I was racked with guilt. Then I was indignant.
This wasn’t my shit. Janet wasn’t my person. She was my mother’s third girlfriend in a line of girlfriends. We hadn’t spent much time together. We had little to talk about. Yet I knew she was a kind woman, with a tiny white dog she’d hook under her big forearm and let lick her lips. And she’d tried to make my mother happy, which is a difficult, almost impossible thing to do.
I asked my mother if I should call Janet back. “I wouldn’t worry about it,” she said. “She was probably just confused. She has brain cancer.” But still I worried, because while my mother had a new girlfriend, Dianne, and could at times be a very cold woman, I didn’t think I was, or at least I didn’t want to be.
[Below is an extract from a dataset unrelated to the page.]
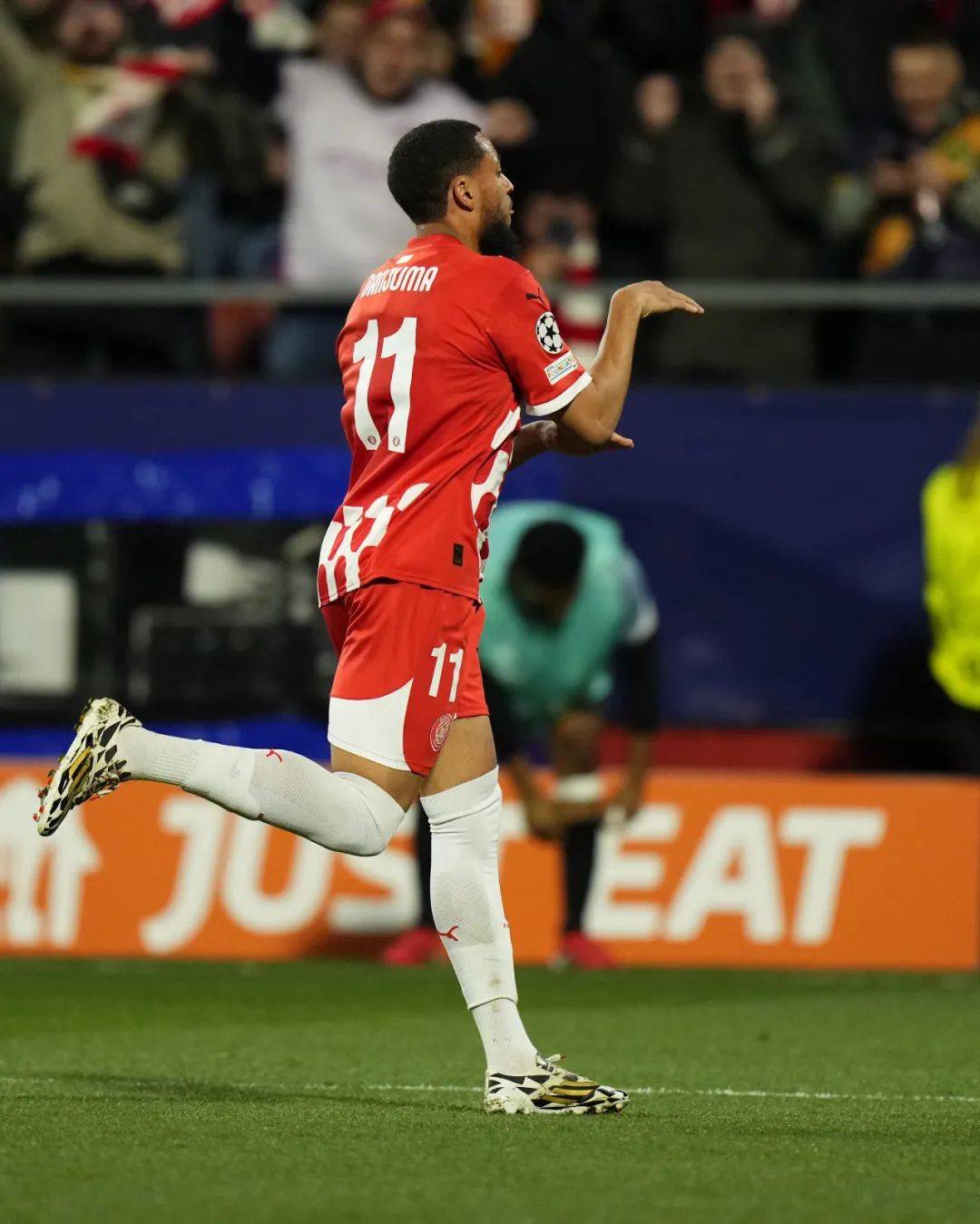 巴萨横扫马德里竞技，蒂亚戈带队取胜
Look, it wasn’t my shit. I’d never asked for a series of stepmothers, women who came into my life in intimate ways, but who were mostly strangers. And I hadn’t yet learned the infinite value of simple kindness that I didn’t need to know what to say to a dying person beyond I hear you, I know you, I remember you. But now of course I wish I would’ve picked up the phone and said, you know what, you’re right. If you look long enough, they really do look like pussy.